I imagine it was a mixture of not doing much heavy work before this and him finally feeling really good after regaining all his weight. He does fine at a trot, but he always gives a little buck when we go any faster. I've been trying to fix this, but I don't bother with it much considering the limited canter-friendly locations. This time I was just taken off guard a little more-so than usual and couldn't keep my seat. 

Invariably, I asked how my horse was doing and where he'd run off to. Jerk didn't even stick around. He went back across the road and stopped. (Don't worry, it's a back-road not many use and the ones who do drive slow because there's a few equestrians in the area.) My friend checked on how responsive I was and took off back up the hill to get her car, Scotch followed. She was back in a giffy. 

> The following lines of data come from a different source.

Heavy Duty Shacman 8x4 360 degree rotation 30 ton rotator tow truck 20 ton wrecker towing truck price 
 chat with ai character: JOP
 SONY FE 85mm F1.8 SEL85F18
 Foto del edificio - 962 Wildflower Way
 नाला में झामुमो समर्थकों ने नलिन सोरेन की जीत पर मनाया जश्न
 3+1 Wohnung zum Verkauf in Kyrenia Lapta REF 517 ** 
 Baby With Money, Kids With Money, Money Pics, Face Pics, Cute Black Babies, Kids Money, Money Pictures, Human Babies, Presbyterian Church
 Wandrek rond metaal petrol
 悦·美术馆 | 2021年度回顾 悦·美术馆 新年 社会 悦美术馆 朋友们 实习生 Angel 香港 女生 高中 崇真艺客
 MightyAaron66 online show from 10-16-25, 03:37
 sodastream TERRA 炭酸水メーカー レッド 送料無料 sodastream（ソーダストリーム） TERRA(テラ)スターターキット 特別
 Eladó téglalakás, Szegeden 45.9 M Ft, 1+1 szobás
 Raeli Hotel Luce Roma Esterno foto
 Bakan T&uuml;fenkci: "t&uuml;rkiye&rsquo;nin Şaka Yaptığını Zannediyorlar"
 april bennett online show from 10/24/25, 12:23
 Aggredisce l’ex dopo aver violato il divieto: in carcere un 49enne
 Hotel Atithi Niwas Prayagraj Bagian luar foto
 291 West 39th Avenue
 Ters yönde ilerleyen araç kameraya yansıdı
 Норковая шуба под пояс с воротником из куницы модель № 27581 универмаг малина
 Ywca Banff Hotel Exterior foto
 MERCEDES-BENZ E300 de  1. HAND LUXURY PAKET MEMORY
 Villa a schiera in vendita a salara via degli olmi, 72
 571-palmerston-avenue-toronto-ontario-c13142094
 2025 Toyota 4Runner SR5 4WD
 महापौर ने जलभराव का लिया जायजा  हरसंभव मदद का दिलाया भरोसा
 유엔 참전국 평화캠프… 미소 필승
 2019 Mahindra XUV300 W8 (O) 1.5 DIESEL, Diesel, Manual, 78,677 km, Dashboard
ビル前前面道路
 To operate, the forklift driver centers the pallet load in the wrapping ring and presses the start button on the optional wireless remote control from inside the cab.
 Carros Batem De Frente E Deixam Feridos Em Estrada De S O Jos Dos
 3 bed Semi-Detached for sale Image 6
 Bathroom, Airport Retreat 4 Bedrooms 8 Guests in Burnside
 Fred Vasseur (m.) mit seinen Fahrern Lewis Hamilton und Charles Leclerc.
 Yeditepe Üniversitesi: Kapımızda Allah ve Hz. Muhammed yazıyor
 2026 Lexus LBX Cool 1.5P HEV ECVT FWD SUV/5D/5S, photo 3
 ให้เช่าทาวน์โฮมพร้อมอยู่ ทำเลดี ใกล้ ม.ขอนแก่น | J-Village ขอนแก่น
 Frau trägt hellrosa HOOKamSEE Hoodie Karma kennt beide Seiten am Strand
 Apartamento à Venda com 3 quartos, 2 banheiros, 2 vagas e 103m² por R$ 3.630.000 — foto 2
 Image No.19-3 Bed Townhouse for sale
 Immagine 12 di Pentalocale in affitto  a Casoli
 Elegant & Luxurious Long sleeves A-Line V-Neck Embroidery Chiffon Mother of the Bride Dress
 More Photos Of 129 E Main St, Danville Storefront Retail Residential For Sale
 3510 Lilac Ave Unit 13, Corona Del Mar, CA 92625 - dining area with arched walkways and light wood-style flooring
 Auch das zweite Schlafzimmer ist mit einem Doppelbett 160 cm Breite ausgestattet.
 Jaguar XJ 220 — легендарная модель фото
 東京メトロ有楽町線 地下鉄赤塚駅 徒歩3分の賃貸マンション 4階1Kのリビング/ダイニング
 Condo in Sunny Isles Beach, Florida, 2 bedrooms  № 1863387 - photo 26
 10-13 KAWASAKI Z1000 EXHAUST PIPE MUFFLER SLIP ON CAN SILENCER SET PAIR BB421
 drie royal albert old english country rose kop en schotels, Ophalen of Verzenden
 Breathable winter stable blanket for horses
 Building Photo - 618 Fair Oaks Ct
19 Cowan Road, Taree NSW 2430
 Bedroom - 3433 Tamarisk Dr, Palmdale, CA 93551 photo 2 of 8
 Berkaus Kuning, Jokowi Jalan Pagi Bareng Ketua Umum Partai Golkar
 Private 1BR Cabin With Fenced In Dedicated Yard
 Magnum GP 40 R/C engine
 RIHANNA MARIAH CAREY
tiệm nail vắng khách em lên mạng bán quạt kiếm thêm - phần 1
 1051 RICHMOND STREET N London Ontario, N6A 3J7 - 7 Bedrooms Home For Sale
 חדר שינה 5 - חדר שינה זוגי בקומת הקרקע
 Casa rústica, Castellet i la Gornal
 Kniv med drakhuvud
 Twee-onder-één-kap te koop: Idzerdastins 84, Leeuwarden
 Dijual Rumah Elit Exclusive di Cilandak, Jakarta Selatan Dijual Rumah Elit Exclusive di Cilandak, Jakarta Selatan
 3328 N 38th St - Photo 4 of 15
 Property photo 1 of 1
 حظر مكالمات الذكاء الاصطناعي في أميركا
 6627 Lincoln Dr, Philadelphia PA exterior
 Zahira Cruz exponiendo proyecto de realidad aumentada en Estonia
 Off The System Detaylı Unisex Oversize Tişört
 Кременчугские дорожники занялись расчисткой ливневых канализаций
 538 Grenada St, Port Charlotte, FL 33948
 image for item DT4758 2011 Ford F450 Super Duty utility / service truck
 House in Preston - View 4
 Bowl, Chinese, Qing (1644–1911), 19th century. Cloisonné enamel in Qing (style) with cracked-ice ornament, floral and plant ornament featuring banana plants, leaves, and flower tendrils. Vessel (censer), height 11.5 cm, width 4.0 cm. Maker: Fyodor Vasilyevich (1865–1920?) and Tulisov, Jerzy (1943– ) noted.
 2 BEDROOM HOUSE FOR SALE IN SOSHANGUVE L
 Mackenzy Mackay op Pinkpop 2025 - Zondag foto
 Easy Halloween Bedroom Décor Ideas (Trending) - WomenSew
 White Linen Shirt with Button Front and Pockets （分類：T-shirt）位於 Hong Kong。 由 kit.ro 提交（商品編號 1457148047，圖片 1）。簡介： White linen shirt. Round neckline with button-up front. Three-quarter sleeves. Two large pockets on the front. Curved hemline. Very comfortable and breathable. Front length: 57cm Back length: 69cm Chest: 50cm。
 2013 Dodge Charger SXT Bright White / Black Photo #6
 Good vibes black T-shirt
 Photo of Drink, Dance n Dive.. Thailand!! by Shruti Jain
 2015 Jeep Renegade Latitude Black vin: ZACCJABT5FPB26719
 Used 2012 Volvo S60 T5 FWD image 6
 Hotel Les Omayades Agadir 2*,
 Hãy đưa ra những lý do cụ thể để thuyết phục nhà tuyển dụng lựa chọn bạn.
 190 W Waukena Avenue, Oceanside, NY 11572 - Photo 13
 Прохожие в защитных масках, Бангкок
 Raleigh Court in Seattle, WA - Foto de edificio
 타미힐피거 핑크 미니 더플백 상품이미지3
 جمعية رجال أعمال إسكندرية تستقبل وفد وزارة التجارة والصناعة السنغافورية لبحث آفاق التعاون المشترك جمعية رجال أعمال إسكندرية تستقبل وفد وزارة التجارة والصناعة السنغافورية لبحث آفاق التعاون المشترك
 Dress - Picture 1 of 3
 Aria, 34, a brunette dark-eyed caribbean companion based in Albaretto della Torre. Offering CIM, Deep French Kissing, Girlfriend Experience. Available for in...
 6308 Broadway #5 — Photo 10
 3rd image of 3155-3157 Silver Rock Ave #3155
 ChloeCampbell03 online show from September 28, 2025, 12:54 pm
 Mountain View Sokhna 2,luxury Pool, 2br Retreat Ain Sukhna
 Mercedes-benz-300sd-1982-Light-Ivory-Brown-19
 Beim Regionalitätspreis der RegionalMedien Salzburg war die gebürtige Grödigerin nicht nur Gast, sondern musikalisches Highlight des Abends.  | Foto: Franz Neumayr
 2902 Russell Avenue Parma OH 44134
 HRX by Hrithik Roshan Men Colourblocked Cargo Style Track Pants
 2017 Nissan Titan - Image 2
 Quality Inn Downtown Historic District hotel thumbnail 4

Obviously, I feel like crap. I have a scrape on my face (I landed on grass, so yay), a pretty sore shoulder, a bruised thigh, and a knee that doesn't want to be used. Hopefully work doesn't suck too badly tomorrow.

Hopefully my concussion will be gone by tomorrow.


----------



## Puddintat (Jul 24, 2010)

Ouch. I hope you feel better soon!! Soaking in epsom salts may help with any sore muscles.


----------



## Kawonu (Apr 24, 2011)

Puddintat said:


> Ouch. I hope you feel better soon!! Soaking in epsom salts may help with any sore muscles.


Thank you!
Ahh, I wish I could, but no bathtub to do so.


----------



## waresbear (Jun 18, 2011)

Awww man! Wish you were closer, I would invite you over to soak in the hot tub. Rest up properly, then ride the tar of that knot head.


----------



## Kawonu (Apr 24, 2011)

I'm glad that after tomorrow, I have the weekend off. I'm sure I'm going to want to die while at work. 

So much for paying two months boarding this week...


----------



## Celeste (Jul 3, 2011)

Sorry you got hurt. Hitting the dirt hurts so bad.


----------



## tinyliny (Oct 31, 2009)

concussion? have you been examined?


----------



## Saddlebag (Jan 17, 2011)

If you lost consciousness even momentarily your need to be examined and immediately. Don't want you running about with a brain bleed.


----------